Mais en 1998, c’est le FBI qui se penche sur les affaires pas très nettes de Jordan Belfort. Cette fois, il est officiellement inculpé pour fraude et blanchiment. Son avocat Ira Lee Sorkin – qui défendra un autre escroc de légende, Bernard Madoff – le décrit comme « un génie de la vente qui s’est laissé emporter par l’hubris ». C’est la chute. La justice condamne le loup de Wall Street à 4 ans de prison, une peine allégée de moitié car il coopère avec le FBI et balance ses anciens employés. Sa deuxième femme, Nadine, le quitte.
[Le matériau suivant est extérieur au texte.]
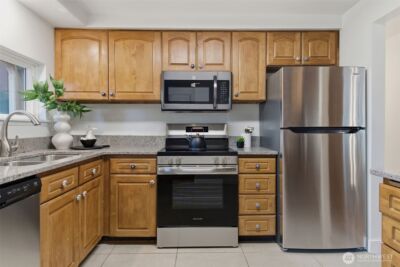 6123 NE 185th Street , Kenmore, WA 98028 - Photo 11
Il intègre la prison de Taft, en Californie, en 2004. Dans sa cellule, sur les conseils de son codétenu, Belfort, qui cite Hunter S. Thompson et Le Bûcher des vanités de Tom Wolfe comme références littéraires, commence à rédiger ses mémoires. La suite, c’est à Hollywood que ça se passera, avec l’adaptation de son livre par Martin Scorsese, dont le film sort le 25 décembre en France.

Un « born-again » de la finance
Aujourd’hui libre, Jordan Belfort doit encore rembourser plus de 100 millions de dollars à ses clients lésés. Pour cela, il peut compter sur les droits d’auteurs qu’il touche sur ses livres et sur le film de Scorsese. C’est néanmoins loin d’être suffisant. Il s’est reconverti en une sorte de gourou du coaching professionnel et a fait de son nom une véritable marque. Avec sa nouvelle entreprise de « corporate training » (formation d’entreprise), il donne des conférences sur la formation en entreprises et les stratégies de vente, pour la somme de 30 000 dollars par intervention.
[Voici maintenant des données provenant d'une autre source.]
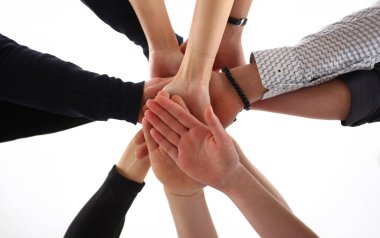 Takım elbiseli insanların grup grup kazanmak closeup için elinde geçti. Beyaz yakalı liderlik yüksek beş işbirliği girişimi başarı kurumsal yaşam tarzı arkadaşlık anlaşma yığın yığın kavram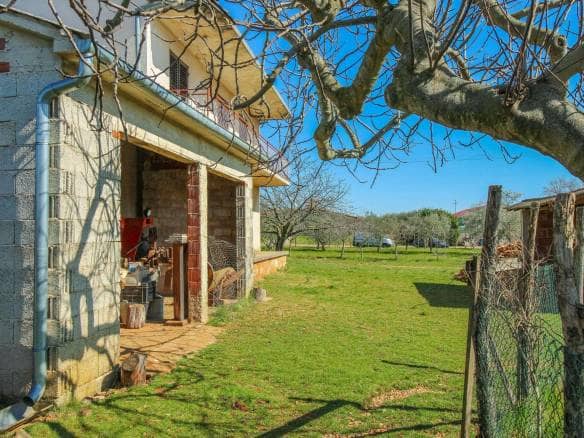 Dintorni di Umago | Casa indipendente con molto potenziale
Repenti, il admet ses erreurs et se défend à présent d’être un homme nouveau, pétri d’éthique et de morale. Comme pour s’excuser, il insiste sur le fait que la plupart des clients qu’il a escroqués étaient riches, mais il s’avère que Stratton Oakmont a aussi ruiné des retraités modestes et de petits actionnaires qui se sont dramatiquement endettés.
Les interviews de l’ex loup de Wall Street prennent souvent des airs de discours sur le développement personnel. Gueule d’ange, regard bleu, teint halé et carrure de sportif, Belfort sait à merveille vanter son talent pour transmettre à autrui les techniques pour atteindre ses objectifs, sans hésiter à citer Mandela et Gandhi en exemples.
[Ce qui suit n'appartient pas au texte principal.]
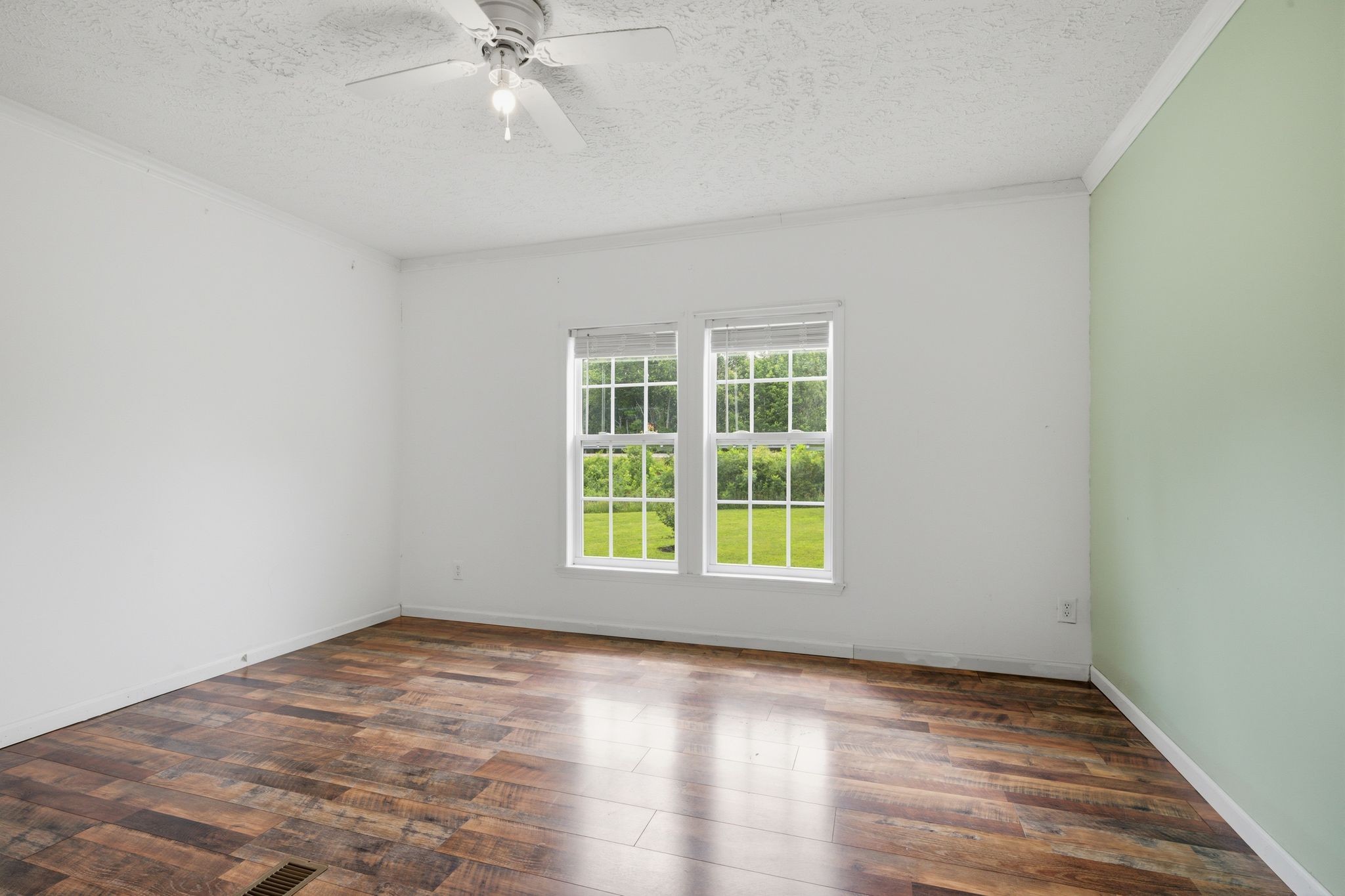 2594 Sylvia Road Dickson, TN 37055 - Photo 15 of 33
Interviewé par Le Monde en 2009 lors de la sortie en France de son autobiographie, en pleine crise financière, Belfort prédisait une « rupture éthique, avec plus de morale et de partage des richesses ». Avant d’ajouter immédiatement : « Mais attention car l’histoire se répète. » Quand on sait que son surnom de loup vient d’un film muet sorti en 1929, quelques mois avant le krach boursier, dont le héros est aussi un trader frauduleux, cette phrase résonne comme un avertissement.